The increasingly popular catastrophe bond market is unlikely to suit the majority of NZ investors due to opaque risk disclosures and byzantine fee arrangements Makao Investments argues in a new paper.
Published last week, the Makao analysis says while ‘cat’ bonds can act as a good portfolio diversifier, underlying product nuances render the asset class problematic for all but a few investors.
“We believe there is merit in considering cat bond strategies as an alternative asset class. However, as always it is important to keep an eye on the basics. Diversification, transparency, and appropriate fee structures should be top of mind for investors interested in cat bonds,” the Makao paper says.
“Cat bonds likely meet the first criteria, but in our view, the second hurdle is still difficult to overcome for most New Zealand investors.”
Local institutional investors including the NZ Superannuation Fund and the Annuitas-run Government Superannuation Fund have a decent exposure to cat bonds – albeit via different third-party managers – as well as other insurance-linked securities.
Cat bonds operate like a credit security with a spread above market rates but investors can be washed out if any of the – typically hurricane or earthquake – events specified in contracts occur during the term.
Following a tough 10-year period leading up to the Hurricane Ian in 2022, which triggered an estimated US$15 billion to US$18 billion of cat bond payouts, the market boomed last year as issuance and spreads soared.

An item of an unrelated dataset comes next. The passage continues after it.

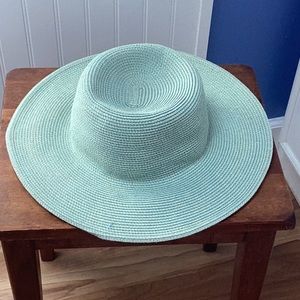 West marine one size hat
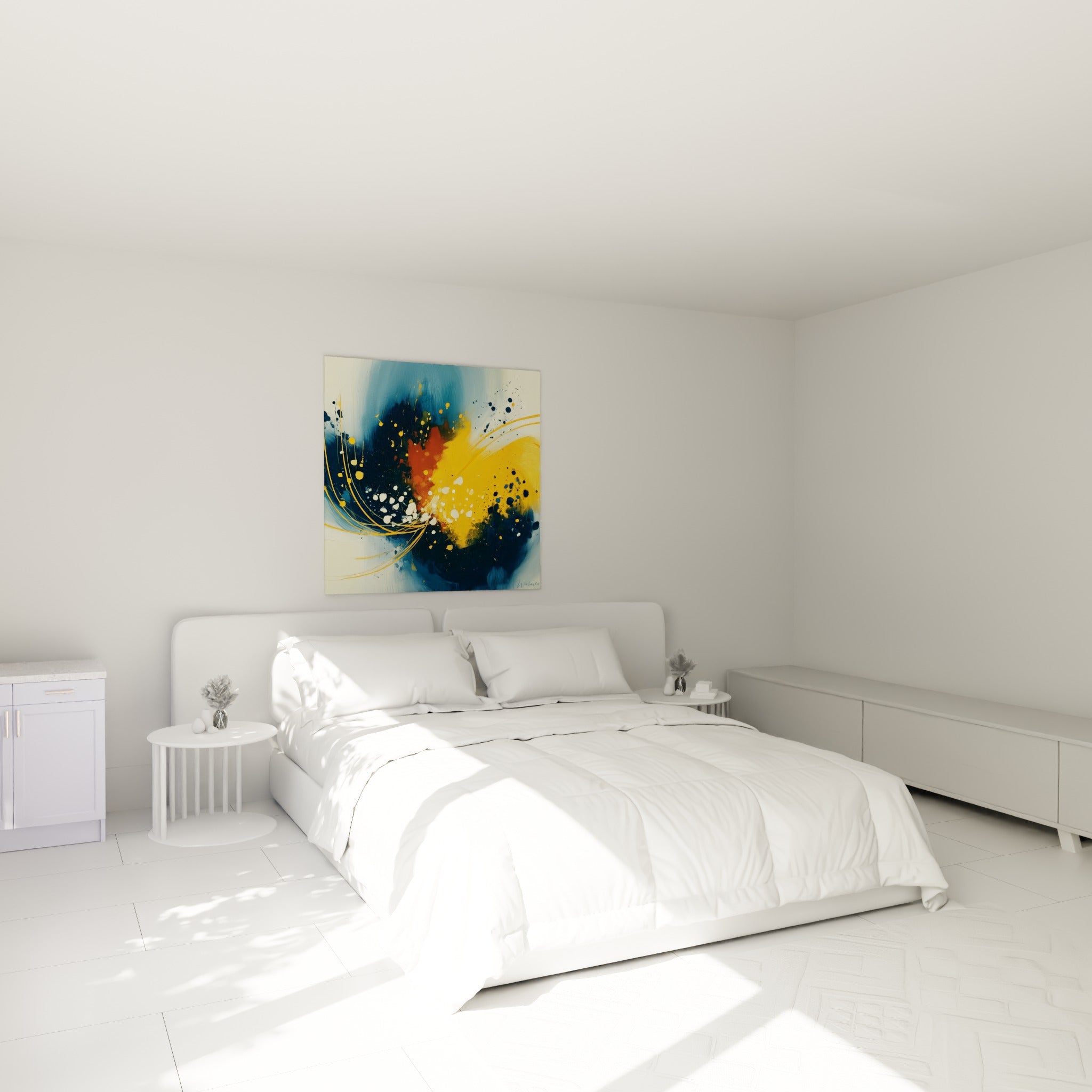 Explosion dorée sur fond bleu marine et terracotta accrochée au-dessus d'un lit dans une chambre claire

Returns of 20 per cent or more in 2023 whetted investor appetite for cat bonds with issuers also stepping up to the plate, according to specialist Bermuda-based publication, Artemis.
Artemis reported this month that “the cat bond market is on track for a record first quarter in 2024, with issuance in the period poised to exceed [US]$4 billion for just the second time ever and approach the [US]$4.5 billion mark”.

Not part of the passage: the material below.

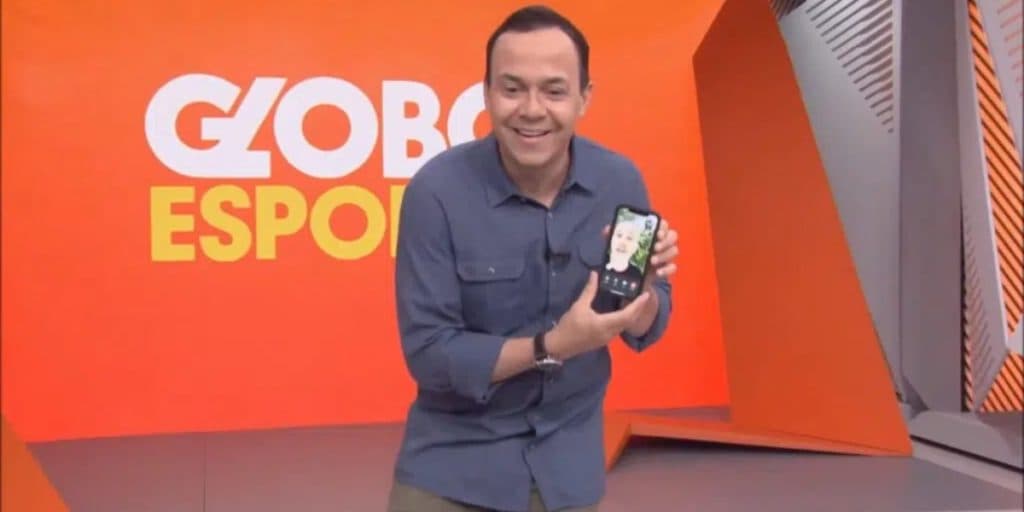 Ao vivo no Globo Esporte, Tiago Medeiros ligou para zoar Alex Esobar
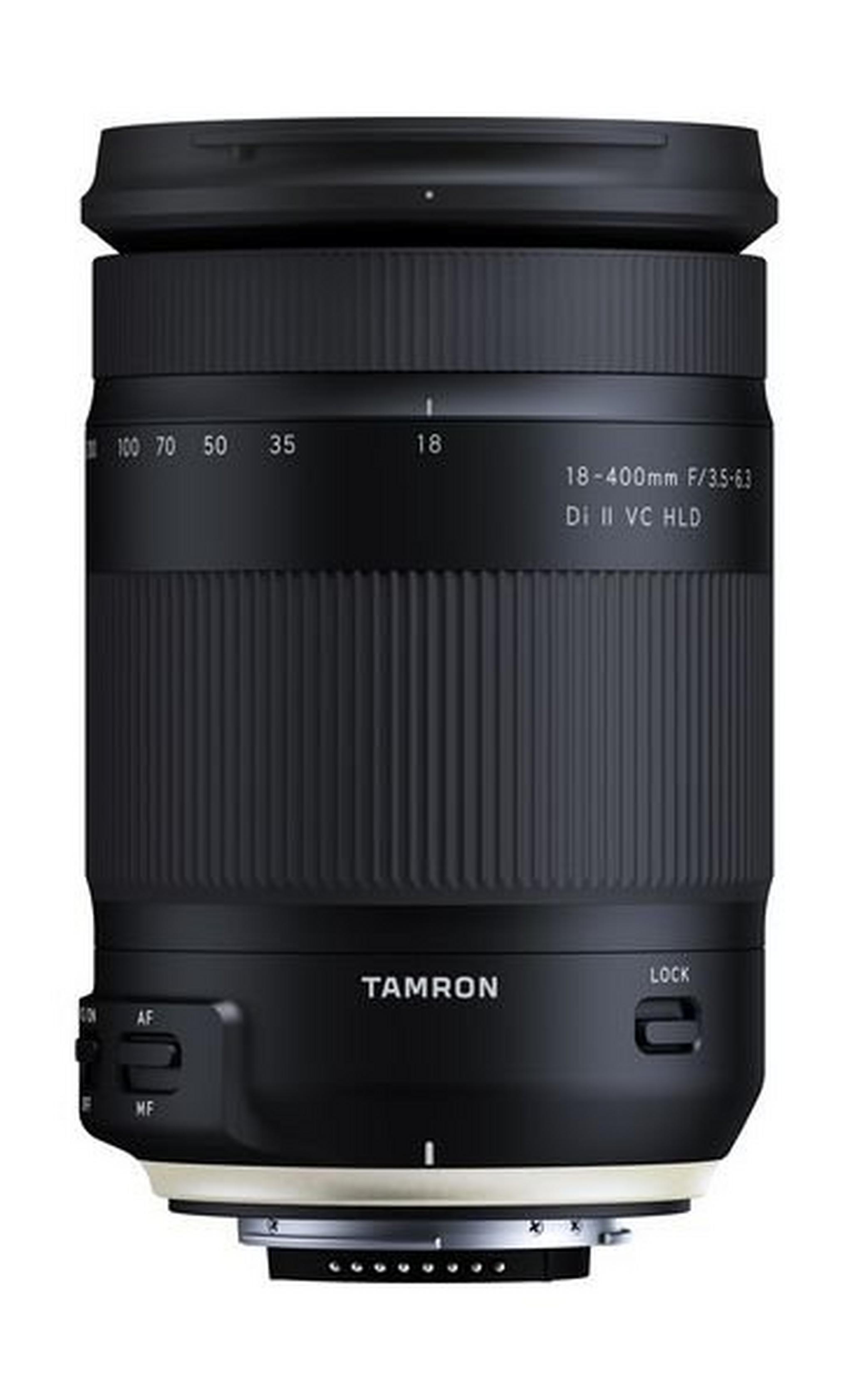 عدسة تامرون ١٨ - ٤٠٠ ملم لكاميرا نيكون بفتحة قياس إف / ٣,٥ - ٦,٣، وتقنية تعويض الاهتزاز (VC)، ومشغل عزم الدوران العالي / والمنخفض (HLD)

Noah Schiltknecht, Makao co-founder, said while only a few clients have enquired about the asset class, the growing buzz around cat bonds suggests a need for more education around the risks and, potential, benefits.

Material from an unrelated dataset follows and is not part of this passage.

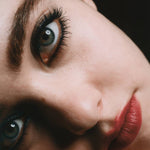 Maquillage des yeux sur une femme avec le Crayon yeux noir Mádara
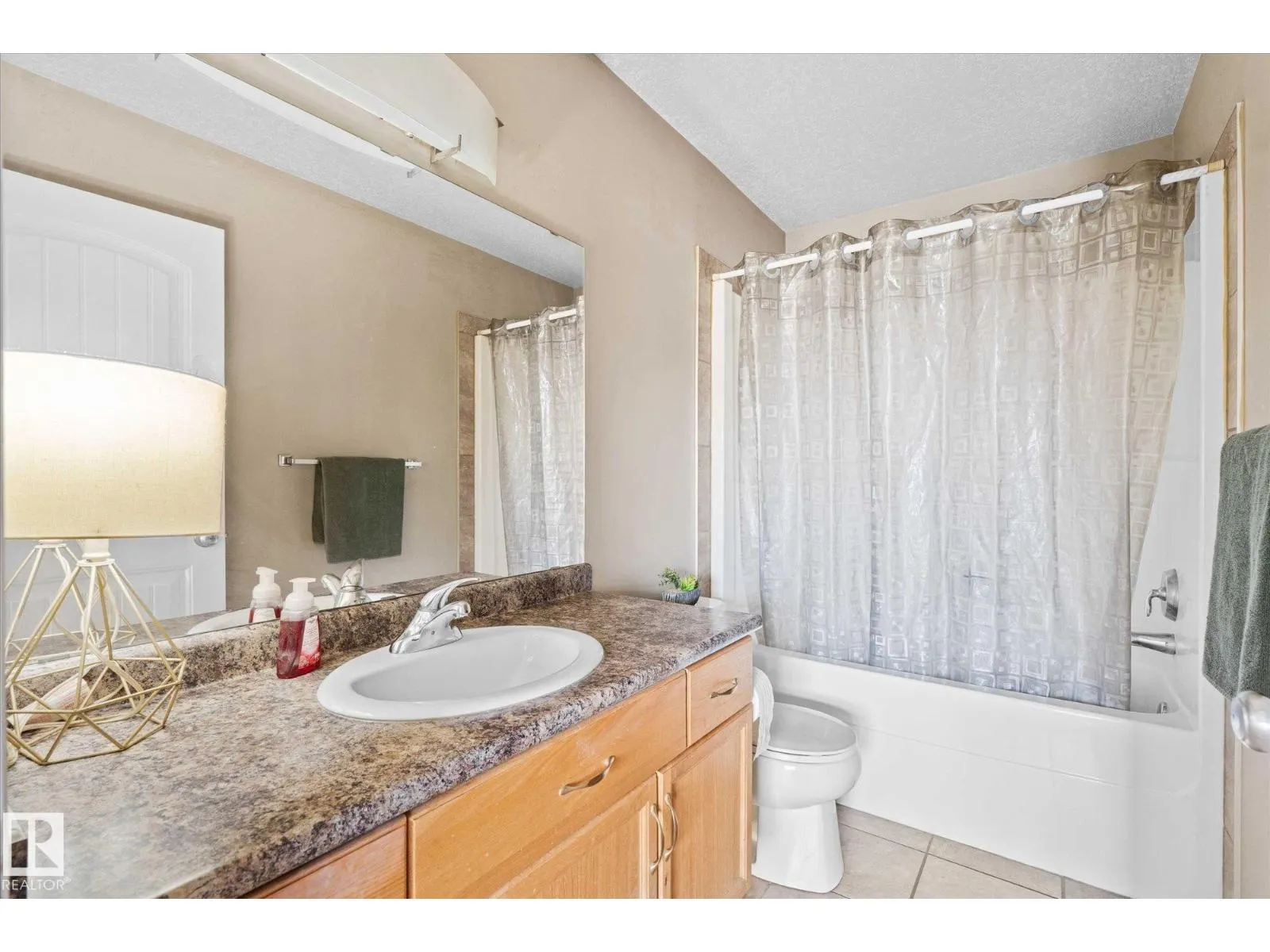125 MERIDIAN LO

“There is not much product availability in NZ either,” Schiltknecht said.
Investors need to dig deep into product clauses to understand the risks of various subtle payout trigger points and the extent of diversification in the underlying bonds, the Makao study says.
The papers says performance fees, a common feature of cat bond products, are also nonsensical in the asset class.
“Skilled security selection is close to impossible to measure in a market that is dominated by binary outcomes,” the report says. “And without the ability to assess skill, performance fees are meaningless: investors end up paying additional fees for the simple fact that managers got lucky.”
Launched in 2019 by ex Russell Investments head of institutional, Schiltknecht, and former colleague there, John Horrell, Makao is now an established presence in the NZ wholesale consulting market with clients spanning charities, iwi, wholesale investors and financial advisory groups such as the former AMP-aligned Wealthpoint.